South Dakota’s 66 counties have been arranged like this since 1983.

Does South Dakota have too many counties? It’s a long-discussed topic that resurfaced at Augustana College’s annual Dakota Conference in April. Bill Peterson, a former legislator from Sioux Falls, discussed the county consolidation proposal he brought to the legislature in 1998. It would have required South Dakota reorganize into no fewer than 15 counties and no more than 30 by 2005. Despite touting its cost savings — something that generally catches the attention of frugal South Dakotans — the plan got very little traction.

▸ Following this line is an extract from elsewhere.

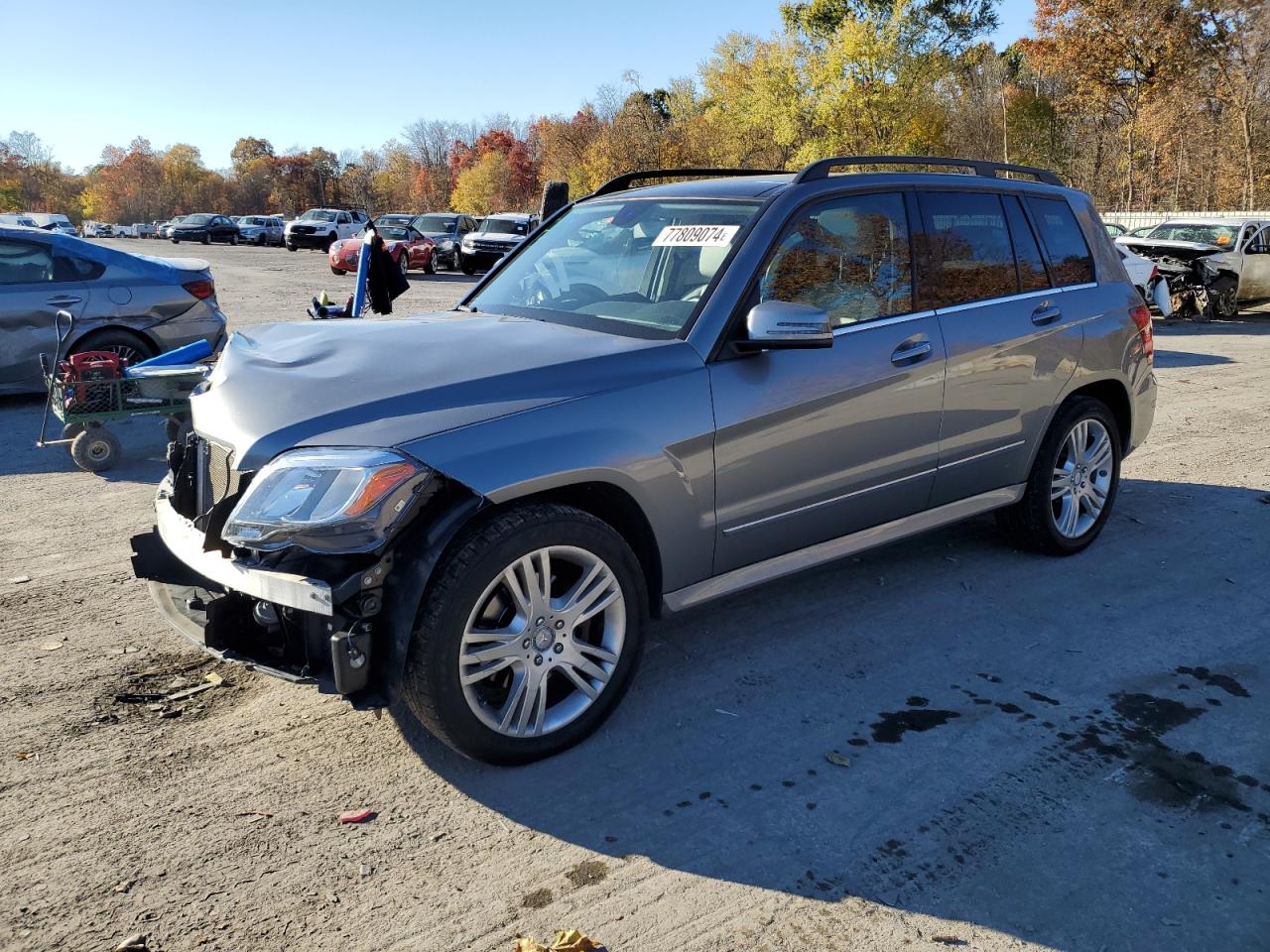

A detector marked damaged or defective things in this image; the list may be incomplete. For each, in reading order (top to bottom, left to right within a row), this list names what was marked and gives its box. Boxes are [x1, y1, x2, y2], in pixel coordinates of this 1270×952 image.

Neither did a joint resolution that appeared before the legislature in 2009. It would have placed a constitutional amendment on 2010 general election ballot to limit counties to 25,000 people or 5,000 square miles, whichever was less.

Peterson and his co-presenter, Joe Kirby, cited the dramatic population shift from rural to urban areas of South Dakota. It’s been happening for decades and it’s very likely to continue, meaning some form of reorganization is probably inevitable. Yet here we are in 2015 with the same patchwork of 66 counties that we’ve known since 1983, when Washabaugh County was absorbed into Jackson County and became South Dakota’s last county to be eliminated.

A few years ago, we embarked on a search to find one interesting spot in every county that we thought people might like to see. After our”66 counties tour” feature appeared in the magazine, several readers wrote to tell us that they had set out on their own South Dakota road trips, magazine in hand, to see the places we’d written about.

There are fun and interesting things to be found in each county, so while we still have all 66, let’s celebrate them. Beginning today, and continuing every two weeks, we’ll pick one South Dakota county and write about the unique facts and places that we’ve discovered in our travels there. As always, we encourage additions to our reports. Please leave a comment if you’re a resident, a South Dakota native reading from afar or anyone with an interest in the featured county.

Our first installment features Bon Homme County, officially organized in 1862. Its recorded history reaches back to the Lewis and Clark Expedition, which floated into the area in the late summer of 1804. The explorers noted in their journals passing a large island in the Missouri River called Bon Homme Island. The exact origins of the name are unclear, but some speculate that a Frenchman lived on the island and was considered a good man (“bon homme” in French) to local Indians, who bestowed that title upon the land.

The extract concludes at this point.